Losing Control

Hey you,

Something unexpected happened today… I was actually triggered. I think that was the first time in months. It has been a while since I was so triggered that I wasn’t able to distance the story from the moment.

I was in a call with a group of people I meet with to learn more about core energetics, and one of the women was talking about how her daughters don’t tidy their rooms and how she feels like she has to do most things in the house and everything seems to be her responsibility, and that the daughters should keep their rooms tidy.

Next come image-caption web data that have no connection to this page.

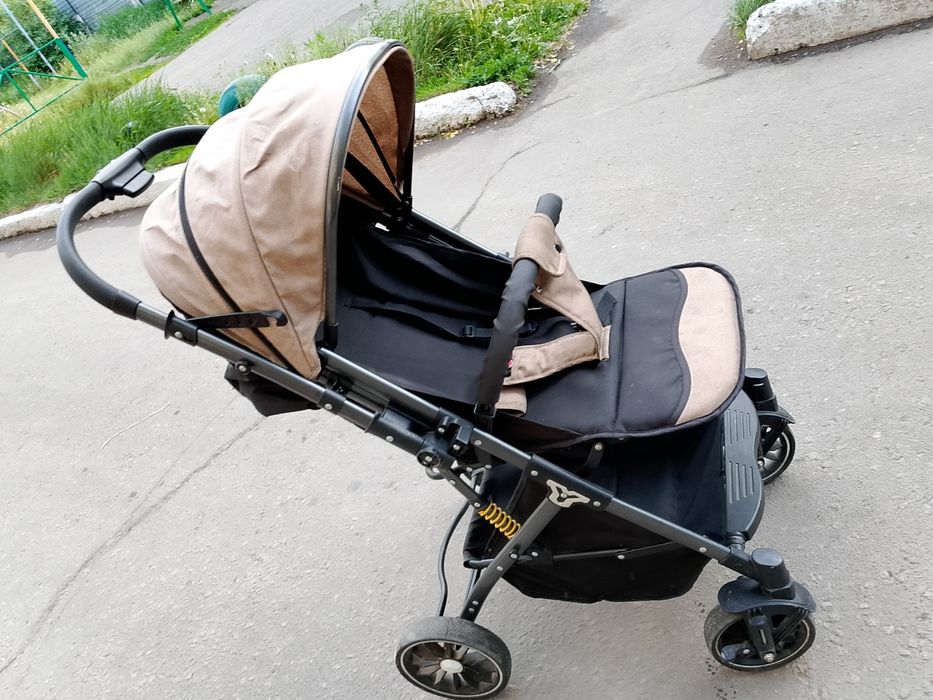 Срочно продается коляска прогулочная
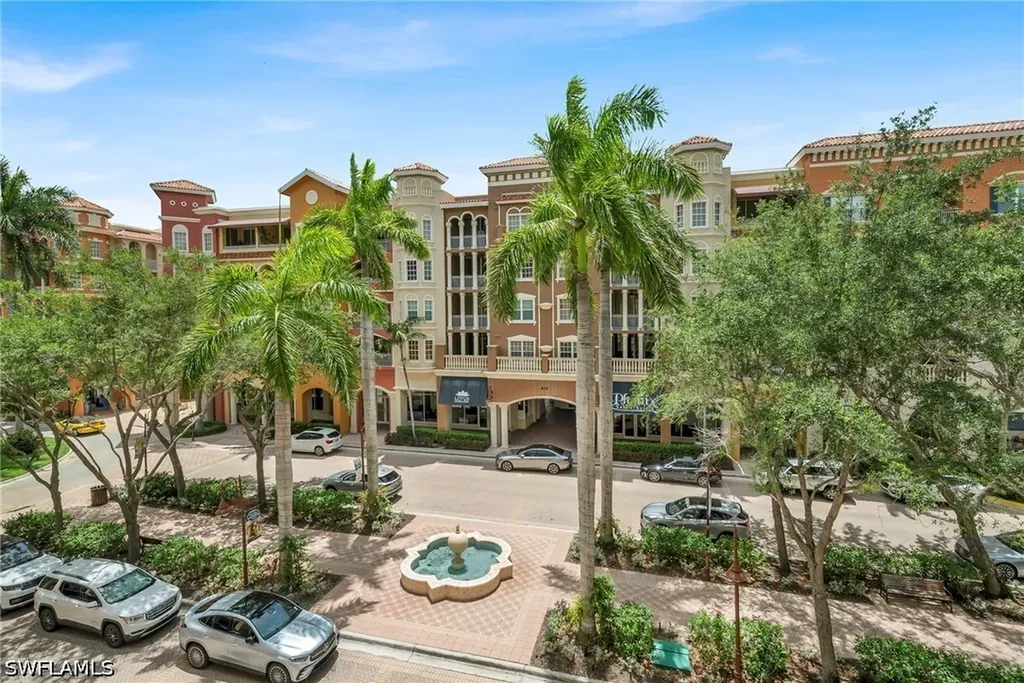 401 Bayfront Place Naples FL 34102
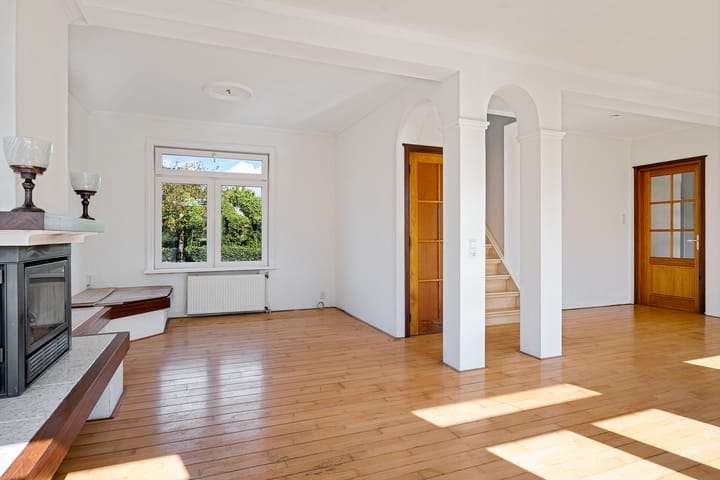 Photo 12 of Jagerstraat 15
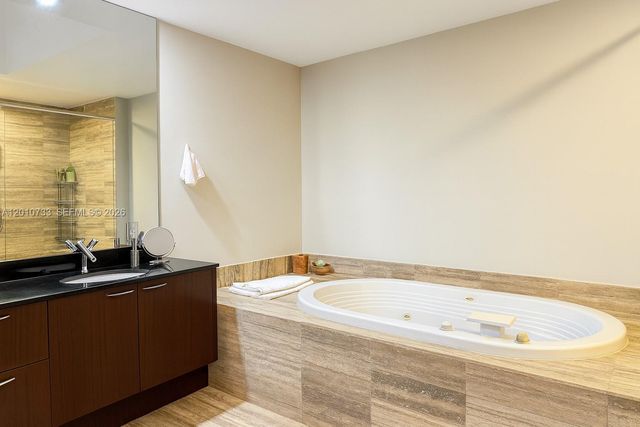 15901 Collins Ave 1203, Sunny Isles Beach, FL 33160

I was back at my parents’ house emotionally. I was back in that old room of mine that was always tidy, because if it wasn’t, we would have been hit or we would not be allowed to leave our rooms for at least a day, or until it was to my father’s standard. Even my mum forced us to keep our room tidy. We weren’t hit if it was messy, but our toys were thrown away if it wasn’t clean.

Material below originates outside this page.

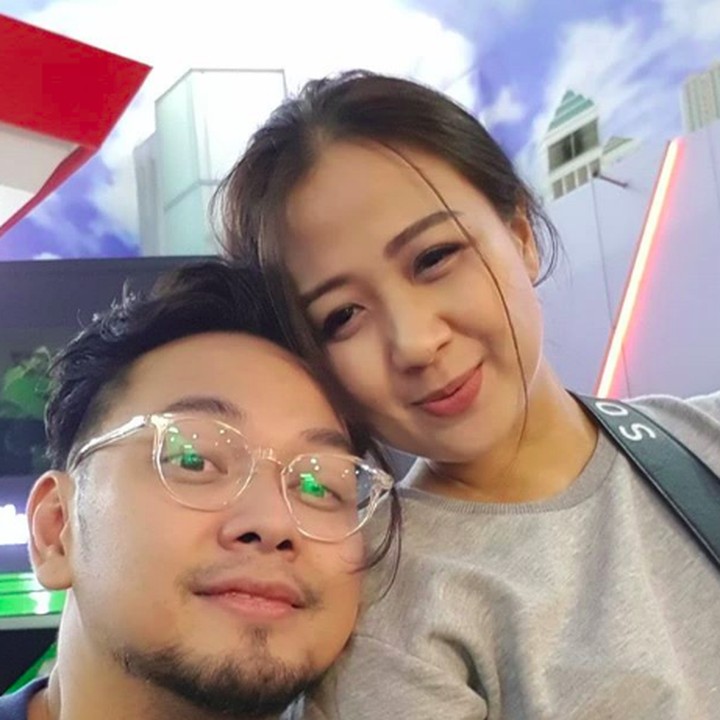 <p>Sudah menikah 7 tahun tapi masih mesra seperti pacaran. Manis banget deh, Bun. (Foto: Instagram/astridbasjar)</p>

It seems to me such a silly topic to get upset about… but for me, my room was a safe space. It was my space. It was the only space that I had any real control over, and even that was taken from me.

My parents would dictate what I was to eat, when I was to eat, when I would go to bed, how to spend my free time, who to be with, what I could watch or listen to… I don’t think there was an aspect in my life that I had control over.

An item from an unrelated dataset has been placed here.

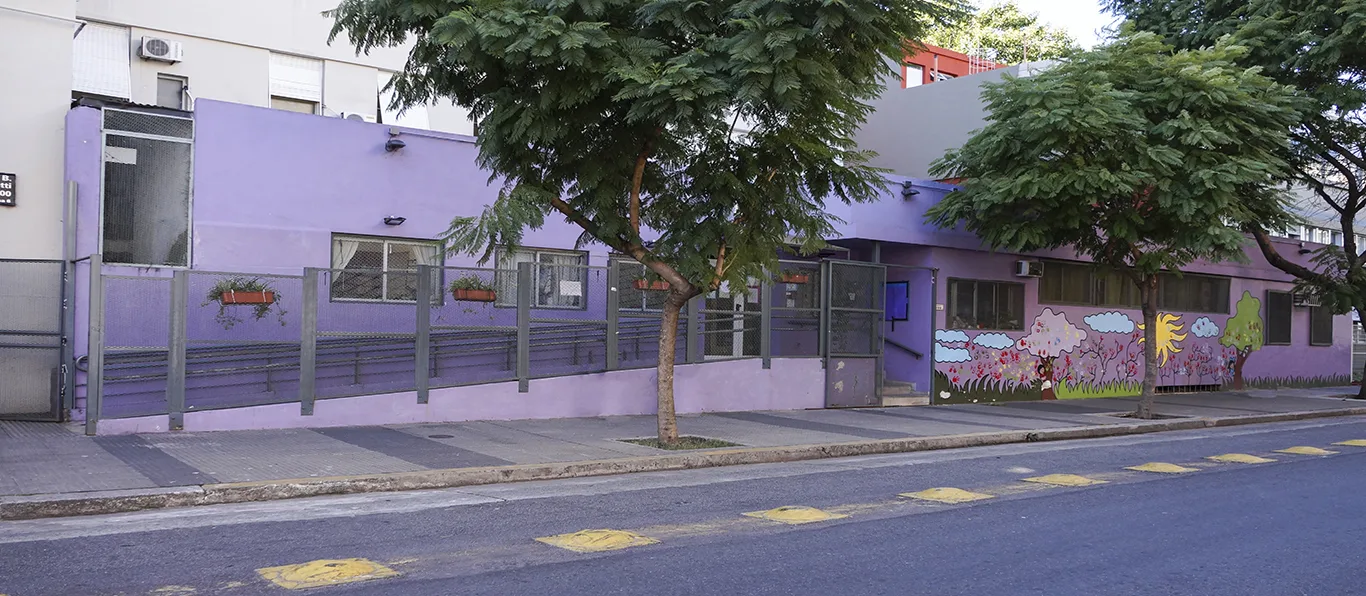 Fachada de Jardín Maternal N.º 5 D.E. 7 «Jacarandá»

The thing that truly upset me, though, was the fact that it had a massive impact on my adult life.

I literally could not bring myself to keep my flat or room clean. I could not bring myself to live in a tidy space because it always felt like I was losing control again.

I love having a clean space. I feel good when I have a clean kitchen or a clean bathroom. I feel good when my bed is made or my blankets on the sofa are neat. But I couldn’t bring myself to do it, because I did not want to live the life that was forced on me.

I realised today that my parents took the only space that was mine and decided how I should shape it. They chose the colours, the bedding, the tidiness. Everything about my “space” was theirs…

So I made my space, after leaving, into MY space by letting it be messy.

I would rather hate the space I am in than lose the only control I feel I have.

How could I have ever loved myself like that? That’s not an accusation… it’s more a realisation.

How could I love myself if I constantly chose to live in a space I hated just so I could feel like I am in control?

Control isn’t love. Earned trust is love.

Maybe that’s why I am able to keep my space a little cleaner now… because I have earned my trust. I don’t need to be in control anymore because I don’t fear that my space might be taken from me… or maybe I trust myself enough now to know that I will fight for me.

Either way… I am grateful for how I chose to live, even if everyone else condemned me for it.

Thank you for choosing to hate yourself for long enough so that I could learn to love myself.

We are done hating now… we are done controlling now.

It’s time to trust and it’s time to love. We are allowed to choose ourselves now, because I will protect the space we built and I will protect the core you chose to set free.

I will protect that authentic you by setting healthy boundaries.

Thank you for everything you did to protect this.